Because, let’s face it… The exN was pretty generic. He was your average, over-entitled cisgender white dude.
Ah, it does make me feel gleeful to refer to him as generic and average. He thought himself above everyone in every possible way. He would often say that calling him “average” was the worst possible insult. His fear of being average was so prevalent that his username both online and in his video games was based on this flawed self-image, this idea that he was not average.
Unfortunately for him, this is exactly what he was. His intelligence, athleticism, leadership skills, looks, social abilities, and so on were all middling at best. Those friends who knew him would likely say I was being kind in that assessment, in fact.
He is the character the protagonist is with at the beginning of a romantic comedy or Hallmark Christmas Movie.
He’s the jerk who says things like, “Look, you’re just going to have to choose between me and [insert one: your family, the business you love, saving this adorably quaint town from financial ruin, enjoying Christmas, etc.] or that’s it, this relationship is over.”
It would be nice if the exN being in my head again was something I could use in my writing, but the situations keep being oddly specific.
For example, there’s a home decorating game I’ve been enjoying lately (Design Home. Don’t play it. It’s ridiculous and stupid and crazy addictive). As a player, you must vote on the designs created by other players in order to submit your own designs and win money and additional pieces of furniture for your collection.
As I said… I’m embarrassed about being hooked on it.
While playing, I often feel the exN sitting next to me, criticizing how I vote. He nags me while criticizing, saying he wants the game to be something we play together, collaboratively, while mocking or openly insulting every move I make.
When I don’t want to do what he does, if I want to sit and be quiet and not play together, or I don’t agree with him in any way at all, he makes a statement insulting my character. Which, of course, makes me frustrated and angry.
It’s one of many scripts that are in my head, one of many that was followed countless times with him.
But is it worth writing about?
There are so many of these stories, these little scene snippets. I’m tempted to start playing with them to see what comes out of it.
Yet… I’m also fearful. I am afraid my writing a character based on him will get me locked into a headspace where I am thinking about the exN more than is healthy. It is what happened before when I have tried writing stories that incorporated the exN. It happened when I took the writing seminar last fall.

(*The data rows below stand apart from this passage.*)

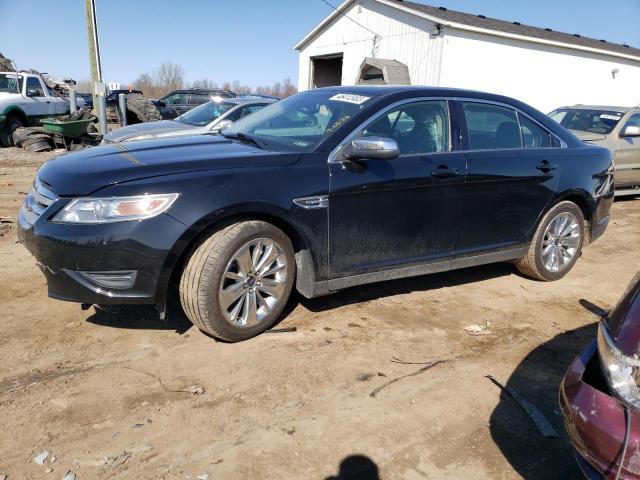 Ford Taurus lim (2012)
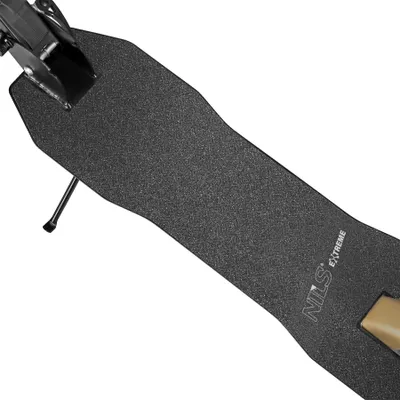 Zdjęcie produktu dla Hulajnoga miejska Nils Extreme HM183 złota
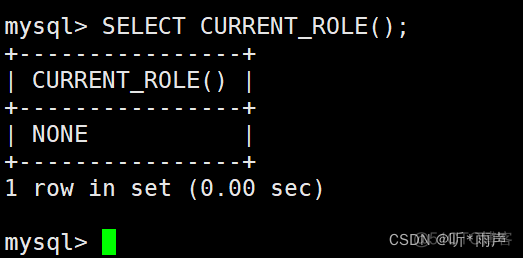 mysql怎么赋予用户超级管理员权限 mysql的超级用户管理员是_服务器_65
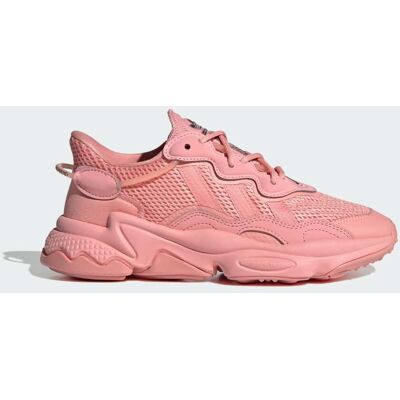 Adidas Chaussure OZWEEGO Semi Pink Spark / Semi Pink Spark / Core Black 36 2/3 - Publicité Adidas Chaussure OZWEEGO Semi Pink Spark / Semi Pink Spark / Core Black 36 2/3 - Publicité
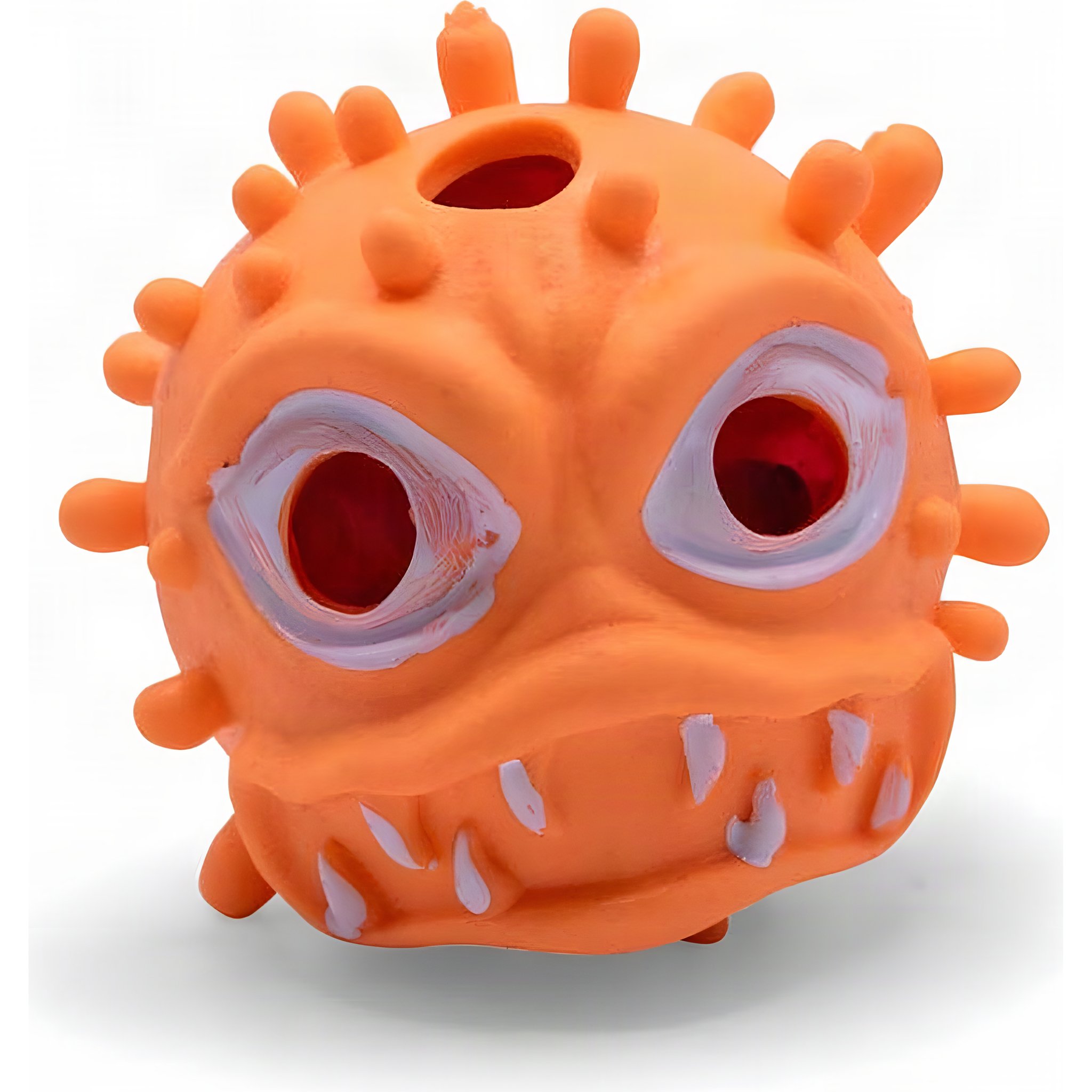 Squeeze Monster Stressball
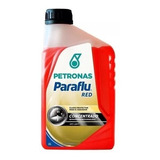 Refrigerante Paraflu Concentrado Red/ht Organico X1l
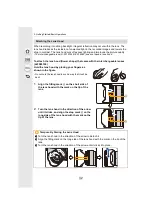 Preview for 32 page of Panasonic Lumix DMC-GF8 Operating Instructions Manual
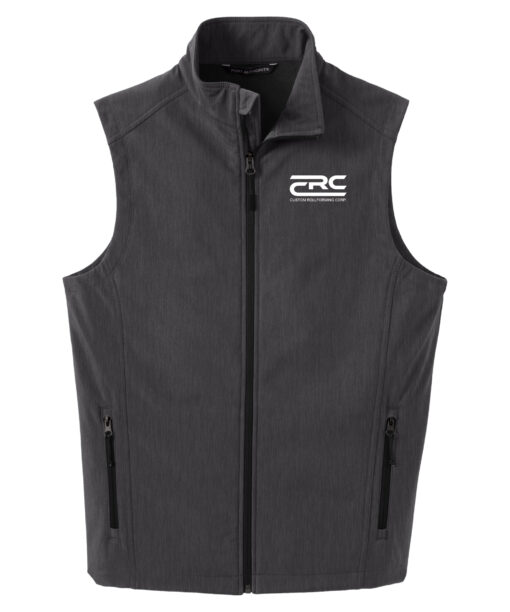 CRC Soft Shell Vest - Image 4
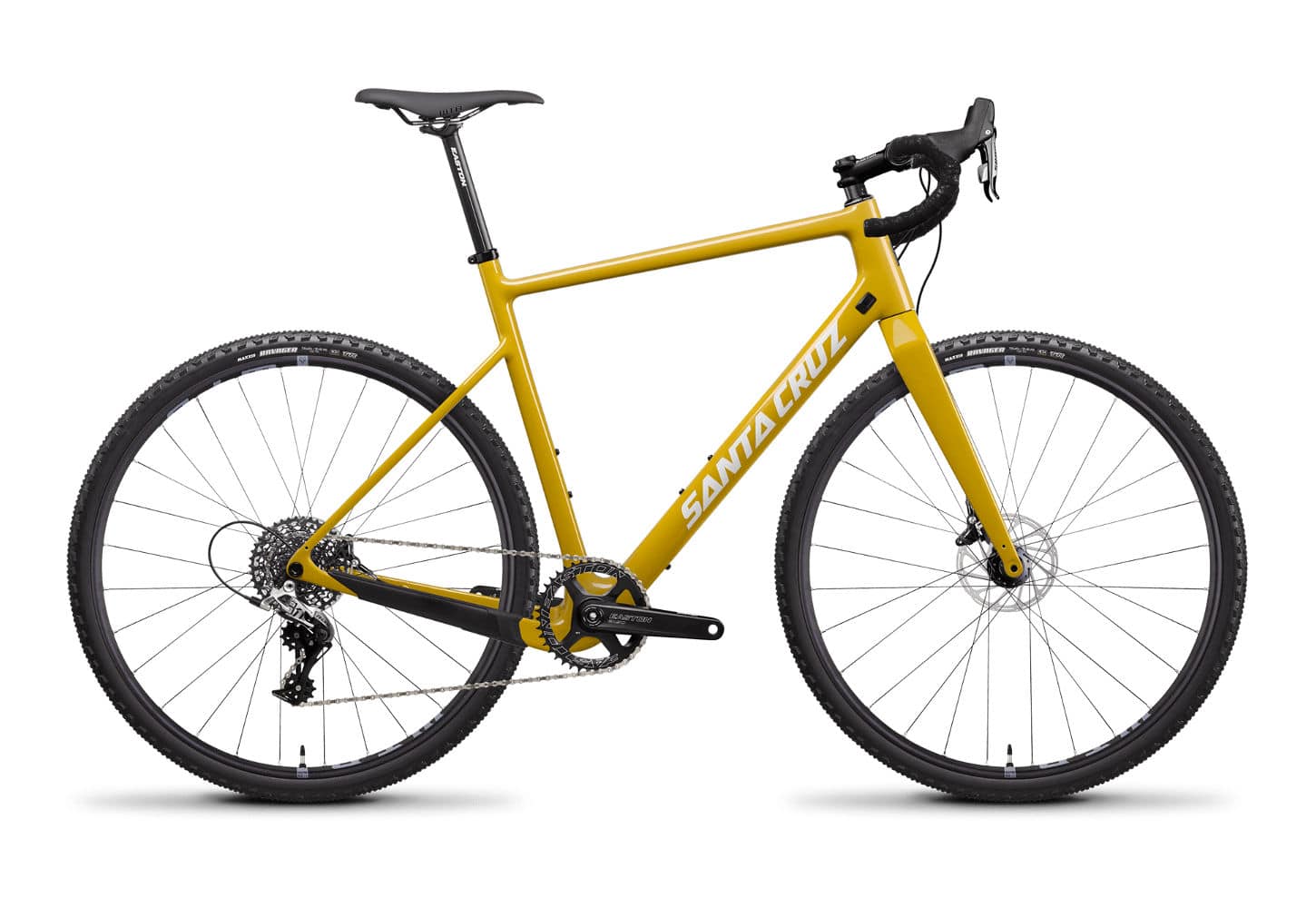 santa cruz stigmata 650b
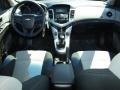 Silver Ice Metallic - Cruze LS Photo No. 10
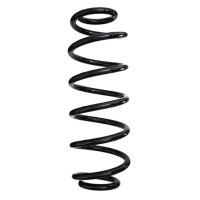Fahrwerksfedern-Set hinten Schraubenfeder 321mm SPIDAN...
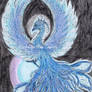 Power of the Blue Phoenix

Without the focus of the work to channel my headspace into, I was left simply existing within that headspace, remembering what life with James had been like and how having experienced that trauma impacted what might otherwise have been a fantasy-fulfilling night with the Galway Guy.A Twist on Life, “Regrets“
It’s a curious thing, having these images and scenes flowing through me and not being sure what I feel like doing about it. Although… it does seem like a waste to not use all these little ideas that are popping into my head all the time…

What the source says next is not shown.